Misery-inducing. Too much of the game is people just standing around talking or sitting around talking, and not even in a comfy visual novel way. Every 10 seconds they'll stop talking until you make a few selections to prompt them or someone else to continue, making "conversations" feel disjointed and padded out.

These conversations tend to happen in wide open 3D spaces, too, and the spacious environments make it even more awkward that the characters rarely ever make use of them outside of the prologue. They just. Stand around. In big parks and on big bridges. This is another way the game would benefit from actually being a visual novel: a static 2D background would make it less obvious that they're wasting so much stage space.

Moving along in the main story is constantly hampered by a need to hit a specific trigger in another route. It's not just one or two big locks preventing your progress, like in a reasonable game – you hit a wall in nearly every scene if you’re unlucky and have to hop back and forth until you find who unlocks what.

These technical annoyances exist to allow cool meta twists and puzzles to happen once in a while, which cannot excuse how tedious it is the rest of the time.

The pacing is wild. The prologue is blisteringly fast, and the rest is agonizingly slow. And the most villainous forces in the game die off-screen, never show up in person at all, or never personally reveal their motivations. They’re all unsatisfying.

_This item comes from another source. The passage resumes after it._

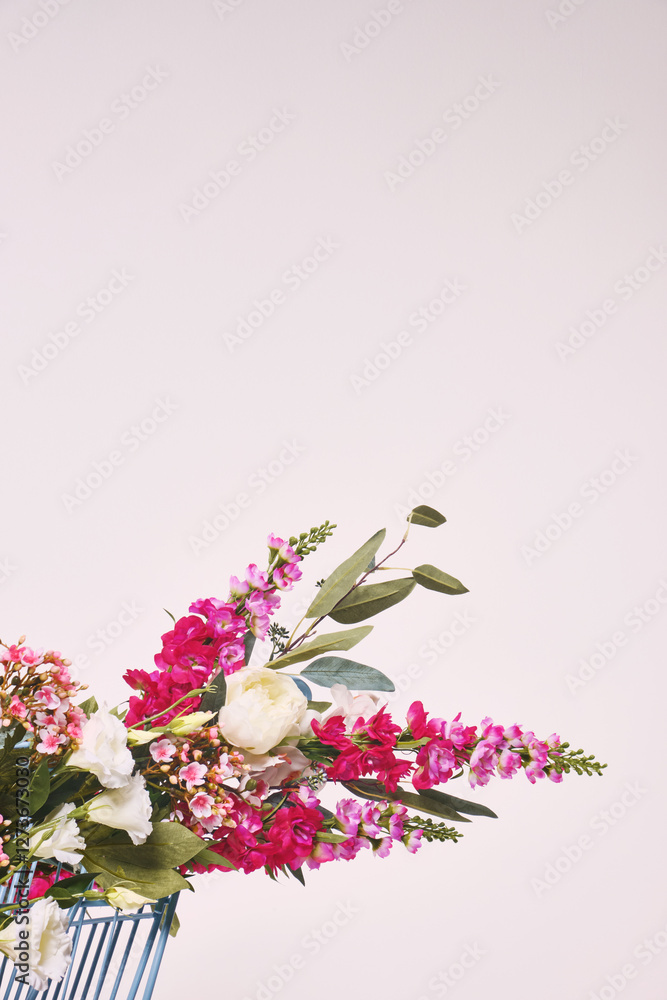 shopping cart with flowers and wooden boxes shopping cart with flowers and wooden boxes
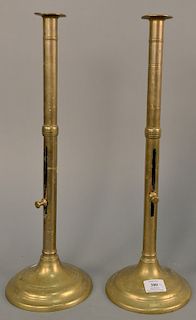 Pair of large brass push up candlesticks, ht. 20 in.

What I can admire in this game is the art style and that it gives you everything you need to solve the mysteries and guess the plot twists ahead of time. Unfortunately, figuring it all out miles ahead of the characters made it even worse to watch them just stand around talking 10 seconds apiece. But for someone who doesn't guess it all (and did enjoy the game), the amount of foreshadowing would probably make a second playthrough pretty neat.